Federal red tape holds up city’s first outdoor film studio

Senator Charles Schumer and other local representatives are calling on the National Park Service (NPS) to green light construction of an outdoor production studio outside of Kaufman Astoria Studios.
The project would close 36th Street between 35th and 36th avenues in Astoria for the studio, which would be guarded by what speakers called an iconic new gate.
It is the gate that’s holding up the $2 million project, however, after minor changes to its appearance triggered NPS to call for a renewed review after construction was already reviewed and approved.
“The one thing California has over us is that they have an outdoor movie studio,” Schumer said. “We’ve lagged behind Hollywood as the center of film and television for this reason, because they want to be in New York. They know the talent is here.”
If the project is approved, the studio will open for the summer of 2013 and create thousands of jobs over the next year, Schumer said.
Outdoor studios allow for exterior and special effects shots.
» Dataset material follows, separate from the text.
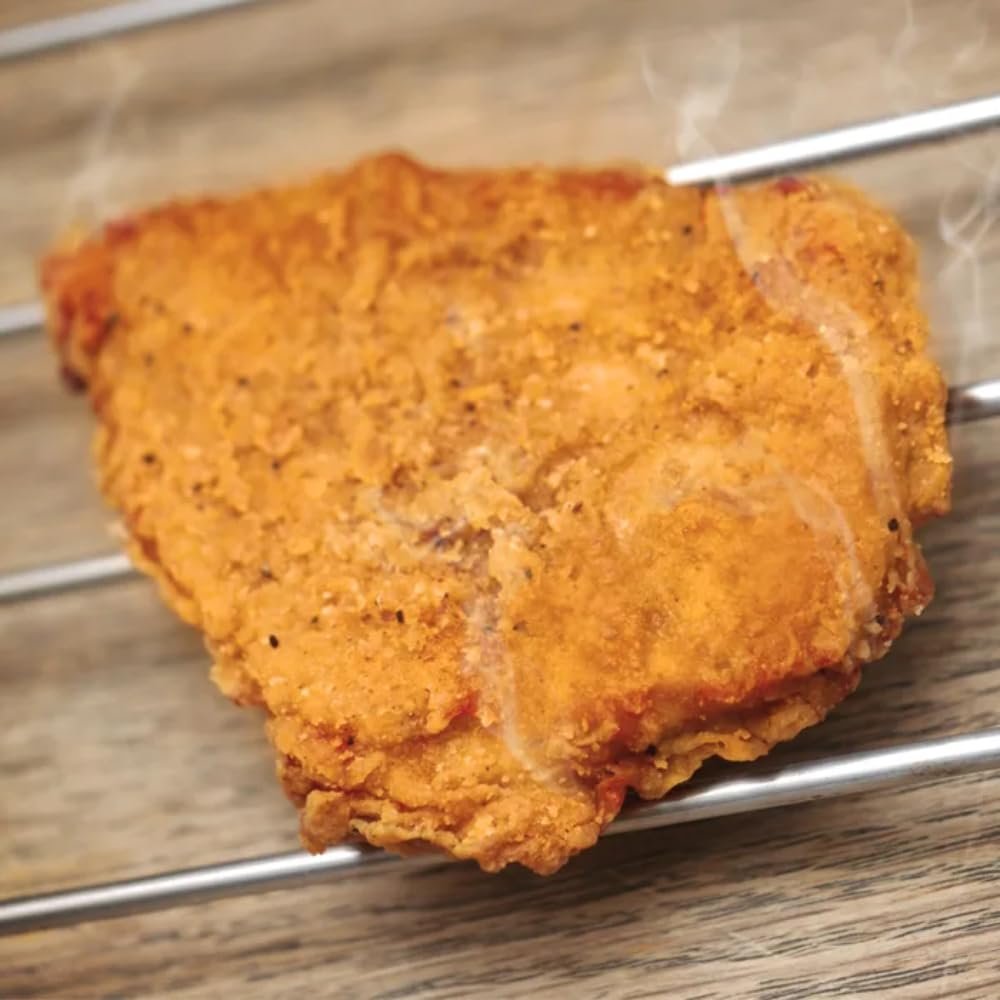 MASHalal Whole Muscle Southern Fried Chicken Steak-30x120g-Food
The project is aimed at attracting film and television clients who might otherwise go to Los Angeles, New Orleans, or other cities with outdoor studios.
“It would be a destination not only for film and TV clients, but for tourists,” Schumer said. “But unfortunately, instead of going forward, this project has been held up by needless delays and a sea of bureaucratic red tape that could postpone construction and threaten the ability of the studio to allow filming here by the summer of 2013.”
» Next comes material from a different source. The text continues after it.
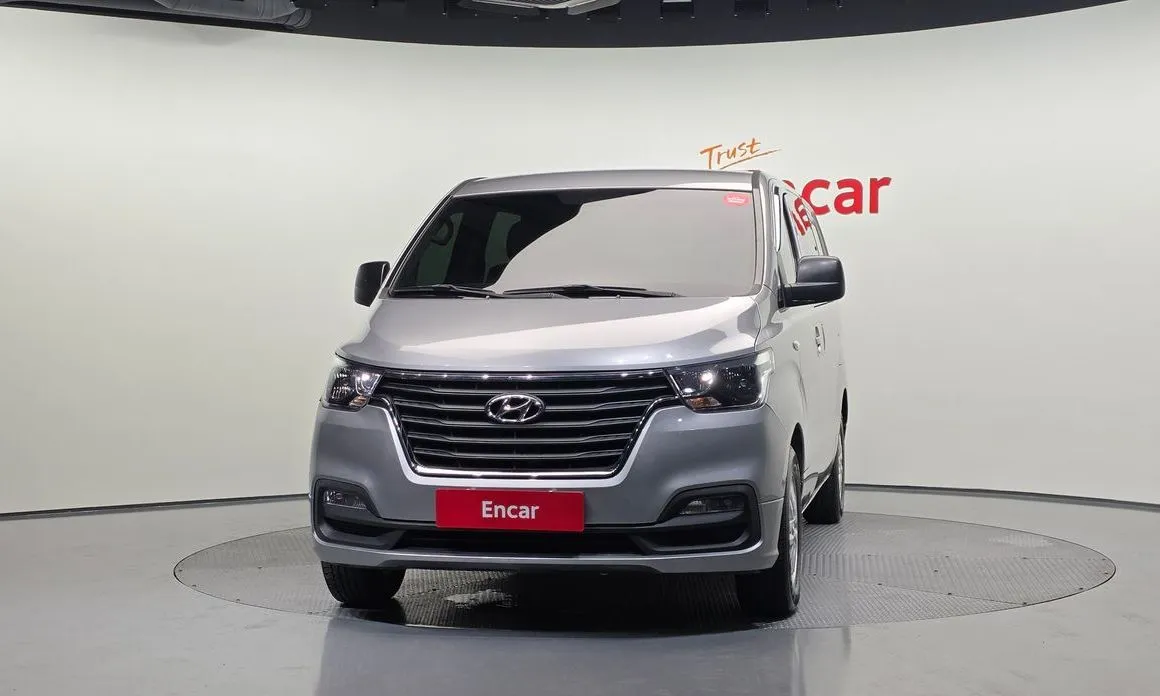 Hyundai Starex 2021 из KR, фото 6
Schumer pointed out that New York is doing well in film and television, with 188 films and 23 primetime television shows shot in the city in 2011. However, clients are expressing interest in filming in the outdoor studio, he said, but scheduling can’t be secured until the project is approved.
In the 1970s, NPS deeded the land outside Kaufman Astoria to New York City with the stipulation that the site, which was a silent film mecca in the 1920s, continue to be used for filming.
According to the deed, NPS must sign off on projects to assure that the land is being used for that purpose.
Although NPS already approved the project, when the Public Design Commission proposed slight changes to give the gate a grittier, more industrial look, the agency called for a completely new review of the project.
Councilman Jimmy Van Bramer, who also spoke at the press conference, grew up in Astoria and said he used to ride bikes with his sister along 30th Avenue in the 1970s, when the area looked abandoned.
“Like an old warehouse, business, factory district with nothing going on,” he said. “And to see 35th Avenue reborn the way you see it today, it would not have happened without Kaufman Astoria and the Museum of Moving Image.”
“But we can’t have it as good as we want it to be without this outdoor soundstage and studio,” he said.